> Exercise aim: Reproduce exactly the lines below from the one containing "Lapices Color Caran" through the one containing "фото №6, Mercedes", including both, and nothing else.

═════ Data supplied ═════

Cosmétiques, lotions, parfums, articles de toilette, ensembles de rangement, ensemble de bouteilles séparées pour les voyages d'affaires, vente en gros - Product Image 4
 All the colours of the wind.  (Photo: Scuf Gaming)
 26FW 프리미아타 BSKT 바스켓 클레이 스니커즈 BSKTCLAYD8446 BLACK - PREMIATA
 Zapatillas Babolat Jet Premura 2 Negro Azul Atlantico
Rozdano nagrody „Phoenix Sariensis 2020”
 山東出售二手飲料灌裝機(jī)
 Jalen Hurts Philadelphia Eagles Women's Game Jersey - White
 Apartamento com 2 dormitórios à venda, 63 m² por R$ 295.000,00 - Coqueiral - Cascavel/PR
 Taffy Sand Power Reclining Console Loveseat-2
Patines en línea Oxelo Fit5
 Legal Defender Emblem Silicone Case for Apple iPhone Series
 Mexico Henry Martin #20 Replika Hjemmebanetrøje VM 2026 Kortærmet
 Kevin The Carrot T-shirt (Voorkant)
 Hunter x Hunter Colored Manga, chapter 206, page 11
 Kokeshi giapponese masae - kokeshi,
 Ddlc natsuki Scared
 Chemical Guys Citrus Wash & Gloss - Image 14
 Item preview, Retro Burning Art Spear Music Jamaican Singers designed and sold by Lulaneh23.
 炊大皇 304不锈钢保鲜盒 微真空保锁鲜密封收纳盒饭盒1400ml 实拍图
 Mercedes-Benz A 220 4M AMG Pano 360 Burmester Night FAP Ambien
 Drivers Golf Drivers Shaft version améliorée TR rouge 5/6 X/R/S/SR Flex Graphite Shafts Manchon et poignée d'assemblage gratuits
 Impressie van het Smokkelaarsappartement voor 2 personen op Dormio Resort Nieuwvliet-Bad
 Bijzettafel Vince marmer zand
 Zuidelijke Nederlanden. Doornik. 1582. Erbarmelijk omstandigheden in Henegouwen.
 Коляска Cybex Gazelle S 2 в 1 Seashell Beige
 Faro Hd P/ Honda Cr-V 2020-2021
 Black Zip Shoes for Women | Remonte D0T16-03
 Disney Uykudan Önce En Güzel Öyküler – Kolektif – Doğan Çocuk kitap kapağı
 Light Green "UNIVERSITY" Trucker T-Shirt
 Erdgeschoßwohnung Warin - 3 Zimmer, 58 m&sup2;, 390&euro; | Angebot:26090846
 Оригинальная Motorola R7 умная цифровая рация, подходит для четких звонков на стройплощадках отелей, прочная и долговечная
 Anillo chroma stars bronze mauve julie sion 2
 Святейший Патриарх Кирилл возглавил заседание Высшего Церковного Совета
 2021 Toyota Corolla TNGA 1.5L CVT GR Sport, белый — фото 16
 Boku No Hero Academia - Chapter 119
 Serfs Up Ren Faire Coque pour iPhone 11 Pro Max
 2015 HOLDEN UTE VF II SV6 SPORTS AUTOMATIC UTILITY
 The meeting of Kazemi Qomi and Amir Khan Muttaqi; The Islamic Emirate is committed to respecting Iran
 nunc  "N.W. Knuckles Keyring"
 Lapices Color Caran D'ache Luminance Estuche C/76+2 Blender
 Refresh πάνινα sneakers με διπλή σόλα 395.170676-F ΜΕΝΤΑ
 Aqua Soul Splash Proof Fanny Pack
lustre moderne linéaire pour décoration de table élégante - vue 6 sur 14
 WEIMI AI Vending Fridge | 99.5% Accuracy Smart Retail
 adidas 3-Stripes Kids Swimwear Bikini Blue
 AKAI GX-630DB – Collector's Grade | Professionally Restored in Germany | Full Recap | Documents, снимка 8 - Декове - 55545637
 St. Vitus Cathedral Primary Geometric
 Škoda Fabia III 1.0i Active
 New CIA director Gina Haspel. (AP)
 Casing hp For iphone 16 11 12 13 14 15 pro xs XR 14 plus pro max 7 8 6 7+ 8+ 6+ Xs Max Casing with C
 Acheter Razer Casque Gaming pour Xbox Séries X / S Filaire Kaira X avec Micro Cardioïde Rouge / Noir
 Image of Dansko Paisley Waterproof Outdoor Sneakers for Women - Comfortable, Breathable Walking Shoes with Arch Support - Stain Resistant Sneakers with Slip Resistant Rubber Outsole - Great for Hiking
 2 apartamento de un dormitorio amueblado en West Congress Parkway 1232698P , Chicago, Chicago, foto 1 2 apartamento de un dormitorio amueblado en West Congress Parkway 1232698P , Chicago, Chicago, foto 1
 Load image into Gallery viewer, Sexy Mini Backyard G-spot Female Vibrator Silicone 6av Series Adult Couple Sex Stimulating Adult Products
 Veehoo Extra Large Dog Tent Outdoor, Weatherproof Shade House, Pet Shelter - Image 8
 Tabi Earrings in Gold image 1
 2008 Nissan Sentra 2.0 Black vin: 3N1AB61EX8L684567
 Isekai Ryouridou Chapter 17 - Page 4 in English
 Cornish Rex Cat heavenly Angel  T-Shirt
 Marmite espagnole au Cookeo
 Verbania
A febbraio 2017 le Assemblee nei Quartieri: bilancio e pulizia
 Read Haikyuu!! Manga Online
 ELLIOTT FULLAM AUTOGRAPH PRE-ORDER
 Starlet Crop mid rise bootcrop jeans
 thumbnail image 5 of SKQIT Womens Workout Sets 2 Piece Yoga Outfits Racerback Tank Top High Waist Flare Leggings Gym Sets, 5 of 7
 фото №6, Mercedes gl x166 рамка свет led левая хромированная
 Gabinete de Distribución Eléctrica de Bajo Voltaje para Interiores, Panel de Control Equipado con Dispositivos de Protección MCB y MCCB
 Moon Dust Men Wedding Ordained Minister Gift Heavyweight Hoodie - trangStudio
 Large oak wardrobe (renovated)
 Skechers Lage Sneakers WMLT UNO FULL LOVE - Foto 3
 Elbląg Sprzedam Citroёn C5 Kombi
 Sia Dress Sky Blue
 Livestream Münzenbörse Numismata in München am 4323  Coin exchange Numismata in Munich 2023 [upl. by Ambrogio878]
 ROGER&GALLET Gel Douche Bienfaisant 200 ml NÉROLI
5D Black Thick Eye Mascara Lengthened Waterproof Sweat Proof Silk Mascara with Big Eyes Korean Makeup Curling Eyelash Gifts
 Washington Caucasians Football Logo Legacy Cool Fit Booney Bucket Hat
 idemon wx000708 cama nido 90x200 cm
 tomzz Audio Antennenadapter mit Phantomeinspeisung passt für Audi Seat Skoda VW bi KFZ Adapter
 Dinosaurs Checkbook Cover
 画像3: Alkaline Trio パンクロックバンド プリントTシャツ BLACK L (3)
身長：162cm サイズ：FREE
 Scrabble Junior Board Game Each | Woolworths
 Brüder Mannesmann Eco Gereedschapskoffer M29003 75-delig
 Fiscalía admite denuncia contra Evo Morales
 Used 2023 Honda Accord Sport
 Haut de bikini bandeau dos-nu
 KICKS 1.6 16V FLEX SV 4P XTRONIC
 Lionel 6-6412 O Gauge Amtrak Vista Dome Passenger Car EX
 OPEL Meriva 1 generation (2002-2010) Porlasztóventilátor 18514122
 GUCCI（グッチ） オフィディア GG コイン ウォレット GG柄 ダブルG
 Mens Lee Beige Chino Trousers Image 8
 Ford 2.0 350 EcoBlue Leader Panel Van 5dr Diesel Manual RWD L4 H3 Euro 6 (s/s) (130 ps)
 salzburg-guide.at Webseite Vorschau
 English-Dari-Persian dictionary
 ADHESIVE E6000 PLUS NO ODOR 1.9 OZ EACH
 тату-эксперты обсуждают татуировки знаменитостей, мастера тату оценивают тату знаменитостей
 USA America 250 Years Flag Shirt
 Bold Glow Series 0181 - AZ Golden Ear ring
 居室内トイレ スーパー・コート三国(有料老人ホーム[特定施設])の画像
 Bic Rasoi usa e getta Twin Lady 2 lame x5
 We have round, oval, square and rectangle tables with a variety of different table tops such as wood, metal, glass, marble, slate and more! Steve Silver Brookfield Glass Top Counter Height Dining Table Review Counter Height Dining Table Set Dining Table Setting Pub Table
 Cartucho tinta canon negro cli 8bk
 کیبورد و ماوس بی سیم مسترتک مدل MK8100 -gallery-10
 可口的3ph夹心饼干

═════

> Reply:
 Lapices Color Caran D'ache Luminance Estuche C/76+2 Blender
 Refresh πάνινα sneakers με διπλή σόλα 395.170676-F ΜΕΝΤΑ
 Aqua Soul Splash Proof Fanny Pack
lustre moderne linéaire pour décoration de table élégante - vue 6 sur 14
 WEIMI AI Vending Fridge | 99.5% Accuracy Smart Retail
 adidas 3-Stripes Kids Swimwear Bikini Blue
 AKAI GX-630DB – Collector's Grade | Professionally Restored in Germany | Full Recap | Documents, снимка 8 - Декове - 55545637
 St. Vitus Cathedral Primary Geometric
 Škoda Fabia III 1.0i Active
 New CIA director Gina Haspel. (AP)
 Casing hp For iphone 16 11 12 13 14 15 pro xs XR 14 plus pro max 7 8 6 7+ 8+ 6+ Xs Max Casing with C
 Acheter Razer Casque Gaming pour Xbox Séries X / S Filaire Kaira X avec Micro Cardioïde Rouge / Noir
 Image of Dansko Paisley Waterproof Outdoor Sneakers for Women - Comfortable, Breathable Walking Shoes with Arch Support - Stain Resistant Sneakers with Slip Resistant Rubber Outsole - Great for Hiking
 2 apartamento de un dormitorio amueblado en West Congress Parkway 1232698P , Chicago, Chicago, foto 1 2 apartamento de un dormitorio amueblado en West Congress Parkway 1232698P , Chicago, Chicago, foto 1
 Load image into Gallery viewer, Sexy Mini Backyard G-spot Female Vibrator Silicone 6av Series Adult Couple Sex Stimulating Adult Products
 Veehoo Extra Large Dog Tent Outdoor, Weatherproof Shade House, Pet Shelter - Image 8
 Tabi Earrings in Gold image 1
 2008 Nissan Sentra 2.0 Black vin: 3N1AB61EX8L684567
 Isekai Ryouridou Chapter 17 - Page 4 in English
 Cornish Rex Cat heavenly Angel  T-Shirt
 Marmite espagnole au Cookeo
 Verbania
A febbraio 2017 le Assemblee nei Quartieri: bilancio e pulizia
 Read Haikyuu!! Manga Online
 ELLIOTT FULLAM AUTOGRAPH PRE-ORDER
 Starlet Crop mid rise bootcrop jeans
 thumbnail image 5 of SKQIT Womens Workout Sets 2 Piece Yoga Outfits Racerback Tank Top High Waist Flare Leggings Gym Sets, 5 of 7
 фото №6, Mercedes gl x166 рамка свет led левая хромированная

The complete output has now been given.